A principal aposta tributária do governo para fechar o orçamento de 2016 é recriar a CPMF com uma alíquota de 0,20%. Renderia 32 bilhões de reais por ano.
Além da volta da CPMF, o ministro do Planejamento, Nelson Barbosa, defendia dentro do governo duas medidas tributárias progressivas. Alíquotas maiores para o Imposto de Renda da Pessoa Física (IRPF). E fim da isenção de IRPF na distribuição de lucros e dividendos a donos e sócios de firmas.
Barbosa contava com o apoio de ao menos dois ministros do chamado núcleo duro do governo: Miguel Rossetto (Secretaria Geral) e Ricardo Berzoini (Comunicações). Segundo um ministro deste núcleo duro, Levy resistiu a “enfrentar os tubarões”, tendo optado por propostas que lhe pareciam “neutras”, ou seja, incapazes de transmitir sinal contrário ao “andar de cima”.
“A principal medida de progressividade tributária hoje no Brasil é acabar com a isenção de IR nos lucros e dividendos”, diz Sérgio Gobetti, pesquisador do Instituto de Pesquisa Econômica Aplicada (Ipea) e ex-secretário-adjunto de Política Econômica do Ministério da Fazenda.
Por coincidência, Gobetti participou logo após o anúncio do governo de um debate na Comissão de Assuntos Econômicos do Senado sobre a carga tributária nacional. Ele e o também pesquisador do Ipea Rodrigo Orair examinaram dados recém-divulgados pela Receita Federal sobre o IRPF e concluíram que a maior distorção está na blindagem dos lucros e dividendos.

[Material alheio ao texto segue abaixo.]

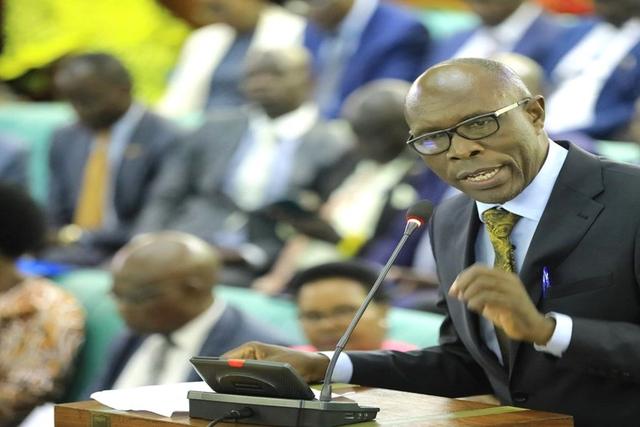 Dr. Jospeh Ruyonga, the Chairperson of the Committee on Health, presenting his statement on the forced HIV-AIDS testing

A isenção foi instituída pela mesma lei de 1995 que inventou o “juro sobre capital próprio”. Na declaração de IR entregue pelos brasileiros em 2014, essa isenção protegeu 71 mil contribuintes recebedores de quase 200 bilhões de reais isentos de tributação. “Há uma brutal concentração de renda no Brasil graças a essa isenção”, afirma Orair.
A volta do IR sobre a distribuição de lucros e dividendos poderia resolver quase sozinha os problemas do orçamento de 2016. Com uma alíquota de 15% como era até 1995, dizem os pesquisadores do Ipea, a taxação renderia 53 bilhões de reais por ano. Já com a aplicação da tabela progressiva do IRPF, com um teto de 27,5%, a arrecadação chegaria a 72 bilhões de reais anuais.
“O Brasil já avançou no gasto público para fazer justiça social. Falta arrecadar melhor”, diz o senador Lindberg Farias (PT-RJ), relator da subcomissão da CAE responsável pelo debate nesta segunda-feira 14.